Despite constant attempts by analysts and the media to complicate the basics of investing, there are really only three ways a stock can create value for its shareholders:                                                     

  1. Dividends.
  2. Earnings growth.
  3. Changes in valuation multiples.

In this series, we drill down on one company's returns to see how each of those three has played a role over the past decade. Step on up, Coca-Cola (NYSE: KO).

Coke shares have returned 95.6% over the past 10 years. How'd it get there?

Dividends accounted for about half of the total. Without dividends, Coke shares returned 51% over the past decade.

Earnings growth made up a good chunk, with normalized earnings per share growing at an average rate of 7% a year over the past 10 years.

But what really stands out is the change in Coke's P/E ratio:

Source: S&P Capital IQ.

Simply put, while Coke's earnings have risen substantially, the amount the market is willing to pay for those earnings has declined over the past decade. The same has been true for rival PepsiCo (NYSE: PEP). Most of this is due to general market overvaluation 10 years ago -- at a lofty 35 times earnings in 2001, the multiple was bound to contract.

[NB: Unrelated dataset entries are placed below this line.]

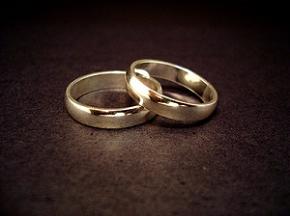 Q20. Platinum and gold are transition elements. They can both be used to make wedding rings. By Jeff Belmonte from Cuiabá, Brazil (Flickr) [CC-BY-2.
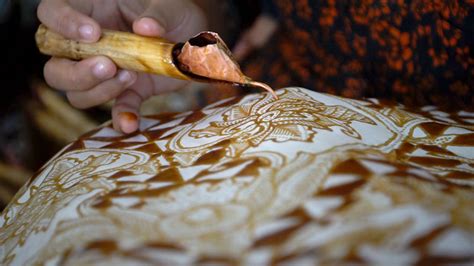 Maybe you would like to learn more about one of these? Mengenal Ragam Batik Indonesia dari Sabang Sampai Merauke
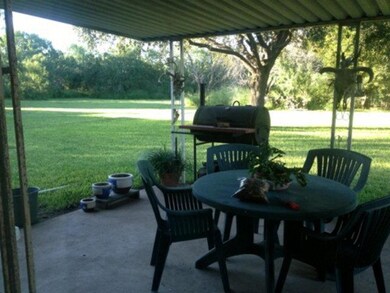 652 W Business 83, Weslaco, TX 78596 - photo 4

The question now is what happens going forward. Despite the slump, Coke shares aren't exactly cheap at a current multiple of 24 times normalized earnings. The company typically commands a premium multiple, and today's valuation seems to be near the high end of what investors should consider sustainable. This is still a high-quality company likely to generate consistent earnings growth going forward, but investors shouldn't expect any expansion of the earnings multiple to generate returns.

Why is this stuff worth paying attention to? It's important to know not only how much a stock has returned, but where those returns came from. Sometimes earnings grow, but the market isn't willing to pay as much for those earnings. Sometimes earnings fall, but the market bids shares higher anyway. Sometimes both earnings and earnings multiples stay flat, but a company generates returns through dividends. Sometimes everything works together, and returns surge. Sometimes nothing works and they crash. All tell a different story about the state of a company. Not knowing why something happened can be just as dangerous as not knowing that something happened at all.